* _What you need to do_
Below is a listing; retype exactly the lines between the one containing "The next type" and the one containing "CF-8M grade impeller", inclusive, minus the pictures.

* _Records provided_
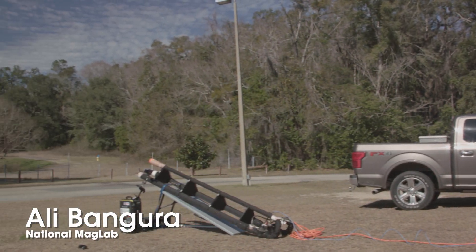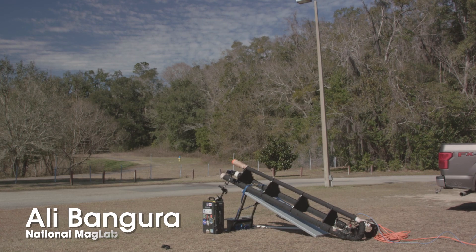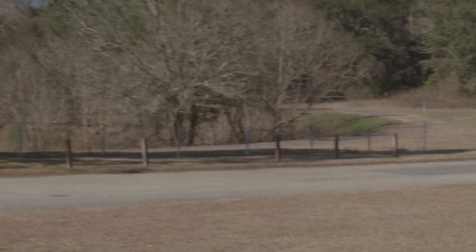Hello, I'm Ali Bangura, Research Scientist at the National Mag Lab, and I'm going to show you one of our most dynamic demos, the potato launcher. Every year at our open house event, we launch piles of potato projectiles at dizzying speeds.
...
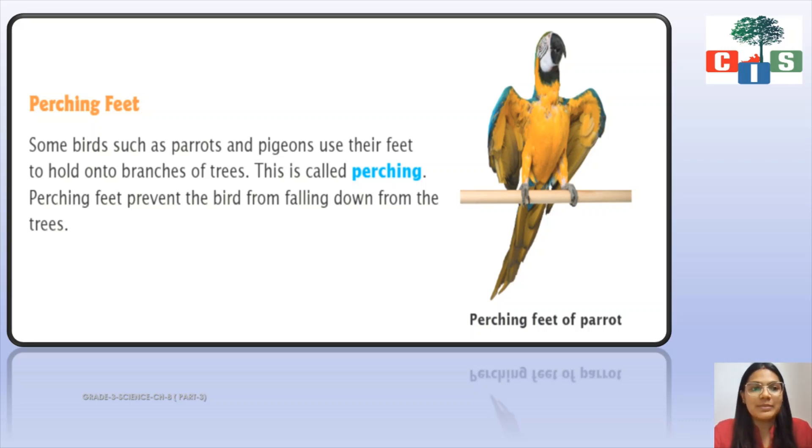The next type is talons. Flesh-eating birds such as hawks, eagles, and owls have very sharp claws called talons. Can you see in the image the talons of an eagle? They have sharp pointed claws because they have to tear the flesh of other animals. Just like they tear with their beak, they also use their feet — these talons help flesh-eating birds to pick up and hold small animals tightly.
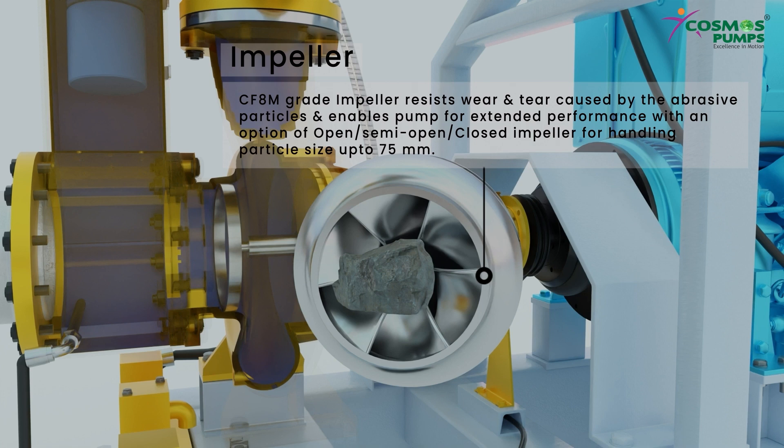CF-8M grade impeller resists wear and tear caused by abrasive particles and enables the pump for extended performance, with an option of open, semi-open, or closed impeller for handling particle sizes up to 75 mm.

* _Solution to the exercise_
The next type is talons. Flesh-eating birds such as hawks, eagles, and owls have very sharp claws called talons. Can you see in the image the talons of an eagle? They have sharp pointed claws because they have to tear the flesh of other animals. Just like they tear with their beak, they also use their feet — these talons help flesh-eating birds to pick up and hold small animals tightly.
CF-8M grade impeller resists wear and tear caused by abrasive particles and enables the pump for extended performance, with an option of open, semi-open, or closed impeller for handling particle sizes up to 75 mm.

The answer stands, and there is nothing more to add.